Organizational culture is a complex phenomenon (De Witte and Van Muijjen, 1999). Schein (2010) define organizational culture as a form of shared basic norms that members within an organization learned as it solved its problems of external adaptation and internal integration, that has worked well enough to be considered valid and, therefore, to be taught to new members as the correct way to perceive, think, and feel in relation to those problems. Organizational culture is noticed through behavioural norms, values, artifacts, creations, hidden assumptions, and human nature (Kilmann et al.,1985; Schein, 1985). The importance of culture cannot be overlooked as it guides individual actions to the extent that organizational members are not aware they are influenced by it (De Witte and Van Muijen, 1999).
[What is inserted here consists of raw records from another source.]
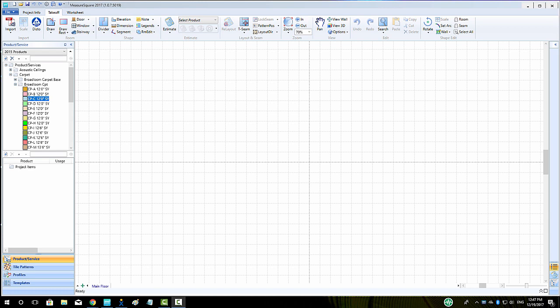Hi guys, James from MeasureSquare here. Welcome to part 1 of our Importing Plan Files tutorial in the Getting Started with MeasureSquare 8 series.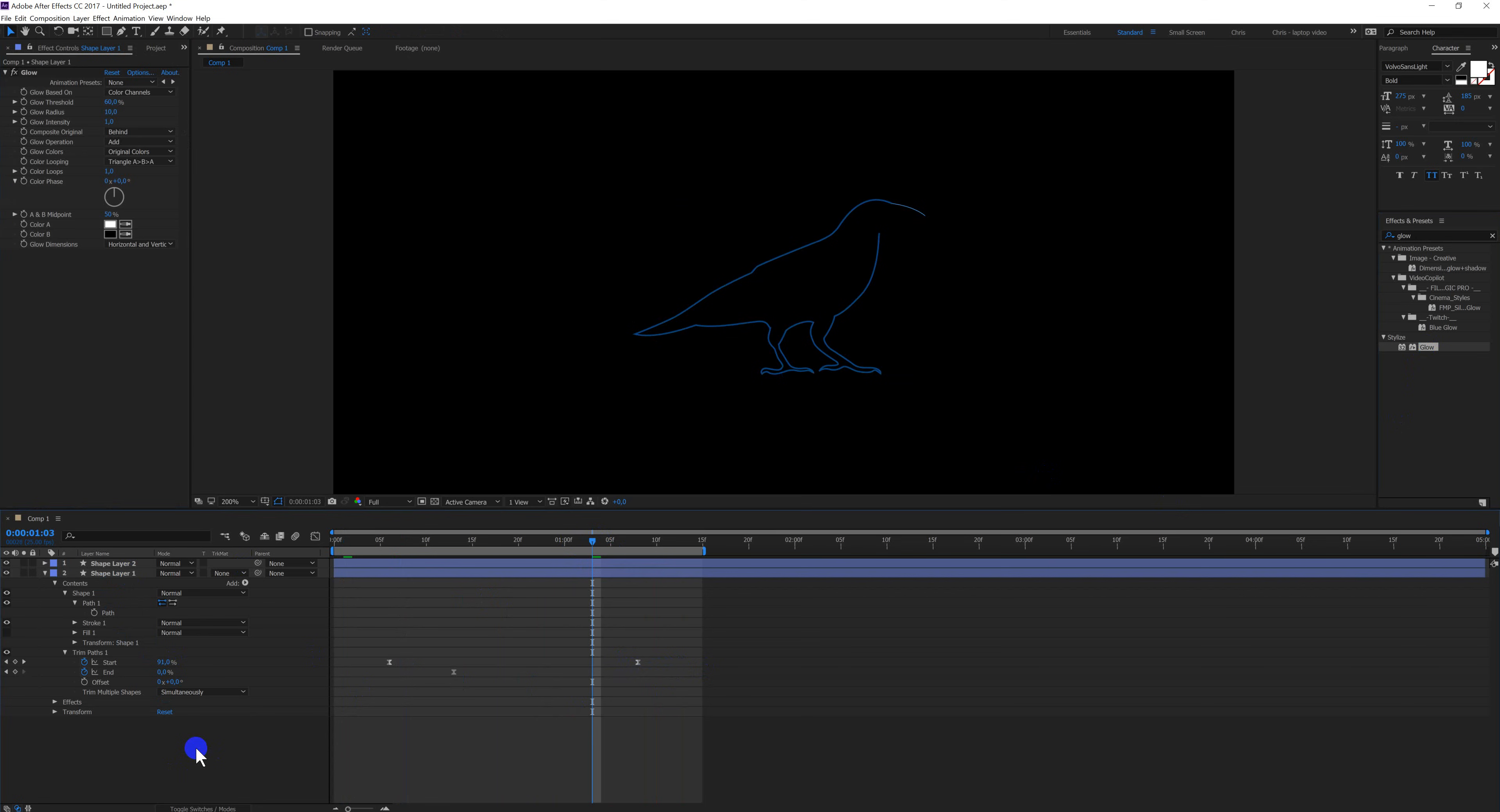So this was my quick tip on bringing an Illustrator path into After Effects.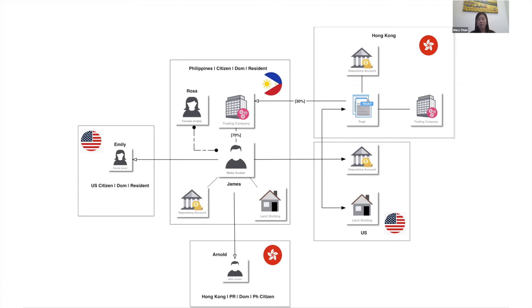James's daughter Emily is a U.S. citizen and resident, and his son is a Hong Kong permanent resident but retained his Philippine citizenship.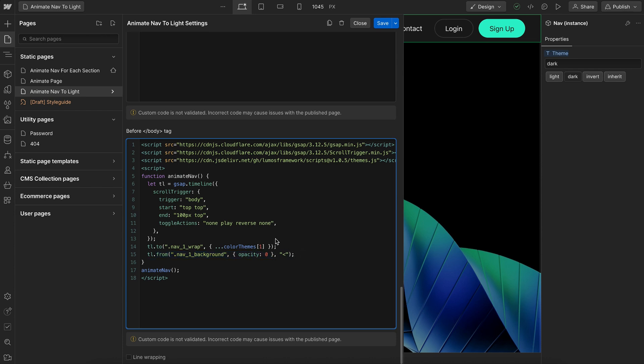And when we scroll back up, it will just reverse dynamically back to whatever the original theme was.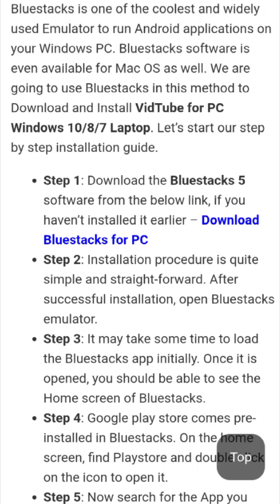Bluestacks is one of the coolest and widely used emulators to run Android applications on your Windows PC. Bluestacks software is even available for macOS as well. We are going to use Bluestacks in this method to download and install VidTube for PC Windows 10, 8, and 7 laptop. Let's start our step-by-step installation guide.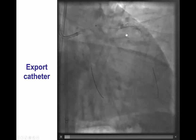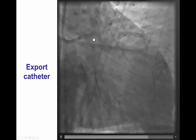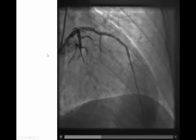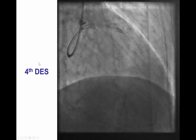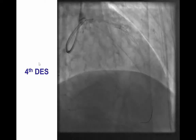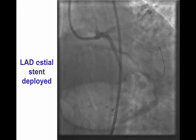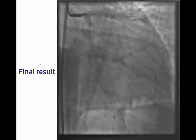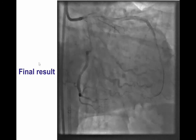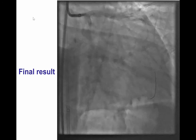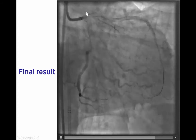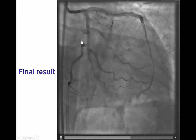The thrombus was aspirated with an export aspiration catheter, and that improved the stenosis. But we still had a dissection in the left main. Therefore, we decided for safety to place another drug-eluting stent all the way to the ostium of the LAD, and by doing that we were able to restore excellent flow in both the LAD and the circumflex. There is no longer a dissection affecting the left main.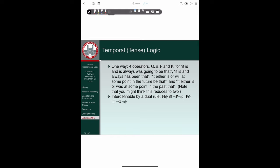The nice thing is that these operators are now interdefinable by a dual rule — two of them, in fact. H is interdefinable with P, and F is interdefinable with G. It is and always was going to be that phi if and only if it's false that it either is or was at some point in the past that not phi. Similarly for the F and G operators.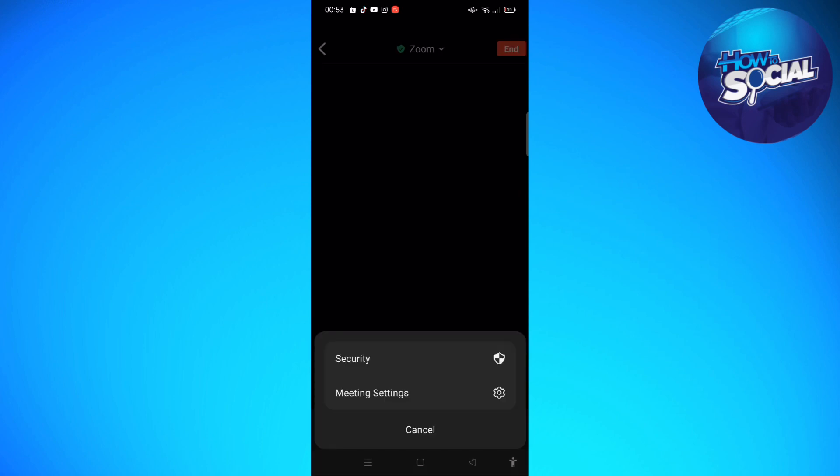...the three dots. So usually there is an option that says Background and Effects. Since that is not available here on my version of Zoom, I'll just guide you through it.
Tharp (2009) classified organizational culture into four categories; control (hierarchy), compete (market), collaborate (clan), and create (adhocracy). Depending on the type of environment and leadership style, an organization could fall into one or more of these classifications.

The changes caused by the pandemic will continue happening in the next three to five years. According to Brown et al. (2021), there are several cultural attributes that changed in organizations during pandemic. Flexible, transparent, supportive, decisive, and confronting conflict are five attributes that were emphasized during the pandemic. In contrast, customer orientation, individualism, detail-oriented, result-oriented, and collaborative were deemphasized during the pandemic. Organizational culture was forced to shift in different ways, that the leadership team in the organizations cannot afford to overlook.

Further, the pandemic brought about transformation in organizations in the following ways: the adoption of technology, the development of new business models and the implementation of new ways of working, with employees working remotely (Dey et al., 2020). Overall, based on all these changes in the environment, organizations should start to think about how to adjust their organizational cultures during the post-pandemic phase and for management to include the effect of this change in their plans and strategic objectives and guide employees accordingly.

Organizations that survived the effects of the pandemic had to transform and adopt new ways of doing business. A majority had to go aboard a digital transformation while others had to completely reconsider their plans and goals (Conforto et al., 2020). Technology was at the centre of most organizations as employees continued to work remotely and collaborate on their tasks to meet their specific objectives.